Verdict on Reliability:
For foolproof, set-it-and-forget-it printing: Avery.com is more reliable. It's a closed, optimized system.
For collaborative or complex projects where you control the workflow: A third-party tool can be reliable, but you must build the checks. You're trading convenience for control.
Bottom Line: How to Choose for Your Next Order
So, which should you use? Don't overthink it. Use this simple flow:
- What are you making?
- Simple address/shipping labels, basic name badges? Go straight to Avery.com/templates. It's the fastest path to a guaranteed result.
- Designed product stickers, wine labels, marketing materials? Start in Canva, but download the official Avery template file from their site to use as your base.
- A list or roster that needs team input (like event badges)? Use Google Docs with the official Avery template add-on.
- Always, always print a test sheet on regular paper first. Hold it over a blank label sheet to check alignment. This 2-minute step has caught 47 potential errors using our checklist in the past 18 months.
- Verify your printer settings. Use "Actual Size" or "100% Scale" in print dialog. This is the #1 cause of misprints, regardless of platform.
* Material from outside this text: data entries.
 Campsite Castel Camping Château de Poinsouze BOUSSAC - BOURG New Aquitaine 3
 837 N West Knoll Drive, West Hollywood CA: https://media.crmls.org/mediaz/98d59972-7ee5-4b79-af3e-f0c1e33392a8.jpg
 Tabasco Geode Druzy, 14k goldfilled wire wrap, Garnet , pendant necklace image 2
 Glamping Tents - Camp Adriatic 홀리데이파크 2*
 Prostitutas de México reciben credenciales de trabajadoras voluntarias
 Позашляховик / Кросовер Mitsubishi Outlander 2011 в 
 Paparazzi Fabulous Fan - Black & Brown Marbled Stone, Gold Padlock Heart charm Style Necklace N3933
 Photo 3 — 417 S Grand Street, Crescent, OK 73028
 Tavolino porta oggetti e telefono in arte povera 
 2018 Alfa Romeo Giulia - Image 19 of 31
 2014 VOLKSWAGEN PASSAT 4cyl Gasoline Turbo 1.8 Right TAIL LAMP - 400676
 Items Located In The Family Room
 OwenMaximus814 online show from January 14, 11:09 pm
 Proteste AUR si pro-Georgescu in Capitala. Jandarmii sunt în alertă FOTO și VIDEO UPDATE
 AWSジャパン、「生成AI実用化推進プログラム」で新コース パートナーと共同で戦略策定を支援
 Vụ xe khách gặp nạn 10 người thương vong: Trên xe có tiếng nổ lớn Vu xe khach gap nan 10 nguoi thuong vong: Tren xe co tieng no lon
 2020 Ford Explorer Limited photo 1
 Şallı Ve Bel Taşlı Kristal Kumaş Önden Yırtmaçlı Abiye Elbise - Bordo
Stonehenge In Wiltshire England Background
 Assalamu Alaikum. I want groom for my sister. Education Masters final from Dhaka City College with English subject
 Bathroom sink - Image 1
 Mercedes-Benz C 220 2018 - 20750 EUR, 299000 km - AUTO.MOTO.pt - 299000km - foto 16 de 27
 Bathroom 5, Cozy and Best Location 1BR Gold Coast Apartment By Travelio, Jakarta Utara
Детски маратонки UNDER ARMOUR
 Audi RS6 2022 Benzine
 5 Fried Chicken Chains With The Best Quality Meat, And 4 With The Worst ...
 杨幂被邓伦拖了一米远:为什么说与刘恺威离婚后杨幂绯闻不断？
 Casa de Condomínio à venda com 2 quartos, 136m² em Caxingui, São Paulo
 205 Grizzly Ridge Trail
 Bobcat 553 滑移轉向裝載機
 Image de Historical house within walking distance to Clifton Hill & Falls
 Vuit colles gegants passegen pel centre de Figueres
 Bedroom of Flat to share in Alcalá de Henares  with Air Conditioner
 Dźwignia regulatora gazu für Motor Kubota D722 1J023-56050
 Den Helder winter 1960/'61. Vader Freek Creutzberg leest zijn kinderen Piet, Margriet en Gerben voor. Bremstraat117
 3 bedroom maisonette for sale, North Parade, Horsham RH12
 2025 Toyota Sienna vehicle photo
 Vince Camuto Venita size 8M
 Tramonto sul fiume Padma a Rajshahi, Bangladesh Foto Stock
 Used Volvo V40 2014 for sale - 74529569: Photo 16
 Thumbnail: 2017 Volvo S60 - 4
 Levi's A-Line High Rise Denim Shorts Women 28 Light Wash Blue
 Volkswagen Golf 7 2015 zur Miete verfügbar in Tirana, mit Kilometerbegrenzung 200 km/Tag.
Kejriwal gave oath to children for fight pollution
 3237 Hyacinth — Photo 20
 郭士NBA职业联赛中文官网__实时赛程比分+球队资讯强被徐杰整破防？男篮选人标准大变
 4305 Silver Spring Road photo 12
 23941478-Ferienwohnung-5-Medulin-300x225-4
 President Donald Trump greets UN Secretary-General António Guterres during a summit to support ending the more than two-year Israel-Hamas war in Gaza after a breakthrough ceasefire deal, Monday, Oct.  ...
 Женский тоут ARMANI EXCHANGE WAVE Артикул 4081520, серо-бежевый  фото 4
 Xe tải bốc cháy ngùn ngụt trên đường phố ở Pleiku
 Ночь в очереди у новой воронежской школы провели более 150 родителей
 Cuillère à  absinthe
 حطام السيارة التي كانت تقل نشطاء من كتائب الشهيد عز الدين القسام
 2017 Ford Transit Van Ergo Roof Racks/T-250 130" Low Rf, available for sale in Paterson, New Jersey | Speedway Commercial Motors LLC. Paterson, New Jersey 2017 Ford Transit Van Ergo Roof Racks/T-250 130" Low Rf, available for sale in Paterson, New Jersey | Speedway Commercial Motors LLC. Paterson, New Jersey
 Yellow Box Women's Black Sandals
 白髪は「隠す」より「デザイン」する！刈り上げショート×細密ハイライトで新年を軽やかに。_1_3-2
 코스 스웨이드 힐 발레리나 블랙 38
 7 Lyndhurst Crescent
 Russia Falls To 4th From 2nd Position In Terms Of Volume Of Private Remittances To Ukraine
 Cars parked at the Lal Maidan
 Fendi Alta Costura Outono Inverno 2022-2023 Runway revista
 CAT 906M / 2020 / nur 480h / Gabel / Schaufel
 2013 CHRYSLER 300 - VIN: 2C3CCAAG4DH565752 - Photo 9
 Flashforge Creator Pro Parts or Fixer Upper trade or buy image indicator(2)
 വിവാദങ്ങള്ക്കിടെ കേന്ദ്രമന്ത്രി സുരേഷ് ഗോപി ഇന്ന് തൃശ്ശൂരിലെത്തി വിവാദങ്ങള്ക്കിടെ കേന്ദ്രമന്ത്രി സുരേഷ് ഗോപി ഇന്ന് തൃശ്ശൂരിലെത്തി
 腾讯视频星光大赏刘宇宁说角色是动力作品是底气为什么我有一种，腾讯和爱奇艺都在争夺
The goal isn't to find the "best" tool. It's to get your labels printed right the first time. Sometimes that means using the official tool for its simplicity. Other times, it means using a more powerful design platform you already know. Just know the trade-offs—hopefully, now you do.
Prices and software features mentioned are as of early 2025; always verify current details. Test printing is recommended to ensure compatibility with your specific printer and software.